A Science (outra revista de muito prestígio) publicou um artigo que concluiu a descoberta de bactérias capazes de substituir o fosfato por arsênio na estrutura de diversas moléculas, sendo uma delas o DNA. Isso traria uma tremenda revolução no mundo da biologia. O estudo foi feito por pesquisadores de Astrobiologia da NASA. Uma tremenda carteirada!
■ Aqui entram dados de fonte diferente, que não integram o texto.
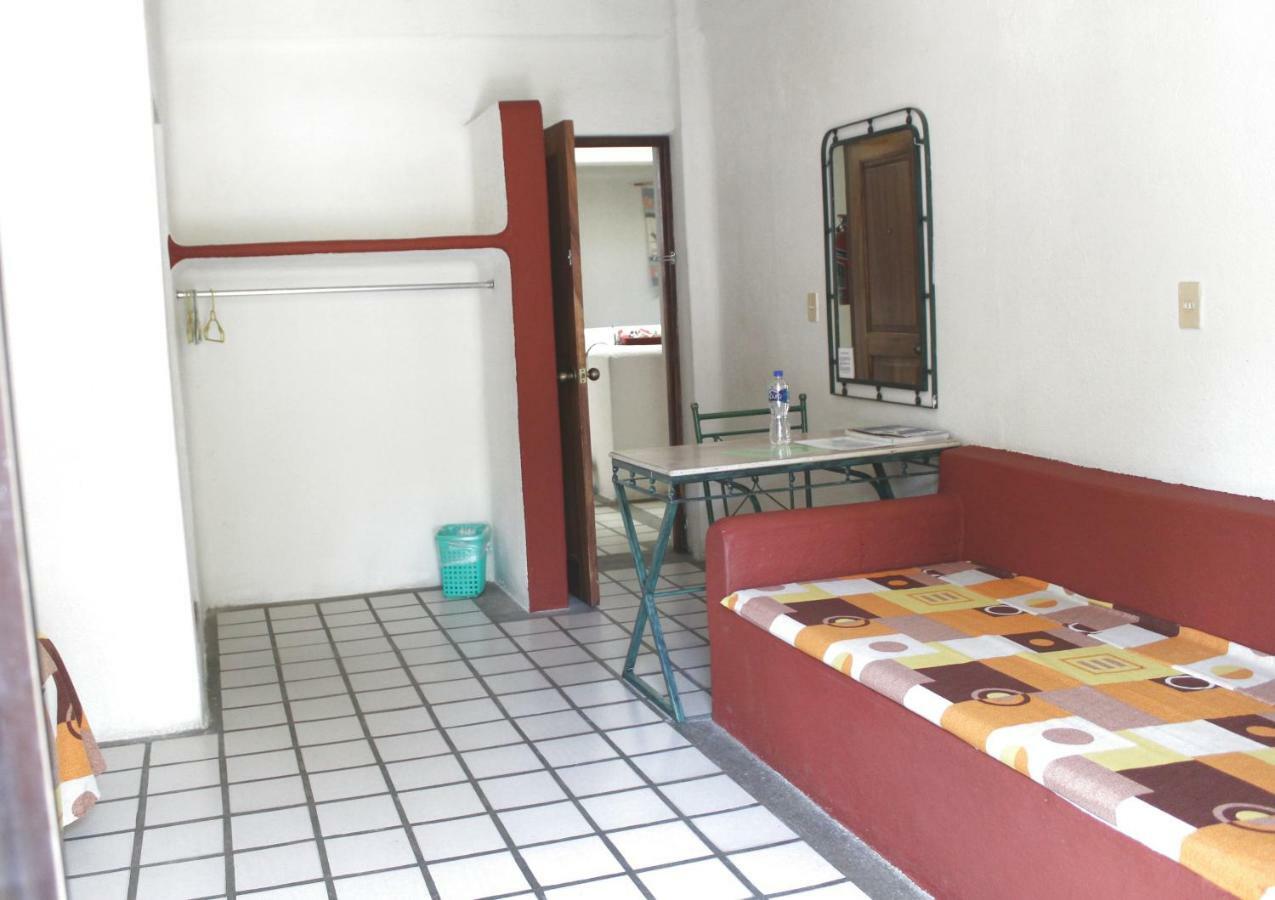 Hotel Arrecife Huatulco 3*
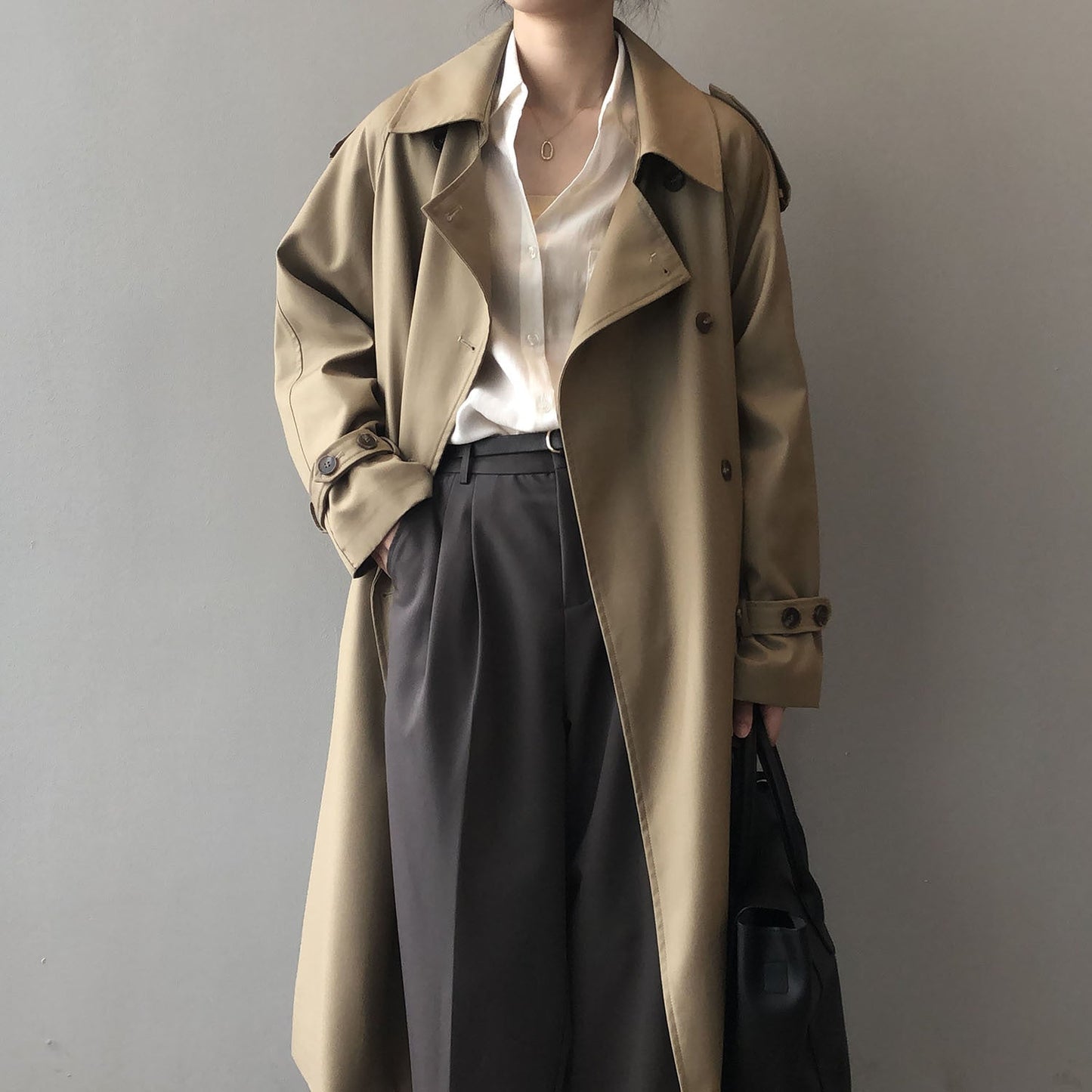 Trenchcoat dames – Dubbelrijige trenchcoat met stijlvolle snit en luxe stof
Porém, a revisão foi feita por cientistas de uma campo muito específico e não diversificado.
Qualquer microbiologista que tivesse recebido a missão de revisar o artigo teria percebido diversas falhas graves nos métodos utilizados pelos autores. O que aconteceu após o artigo ter sido publicado. Inclusive, repetiram o experimento reportado pelos cientistas da NASA e mostraram qual era o erro.
Percebam como é difícil separar o joio do trigo, e os alhos dos bugalhos. A própria ciência se corrige ao longo do tempo. Ter um dogma imutável, que repele críticas bem embasadas, não faz parte da ciência, que pouco se importa com o que nós pensamos sobre um assunto. Por fim, afirmações extraordinárias (ainda) exigem evidências extraordinárias.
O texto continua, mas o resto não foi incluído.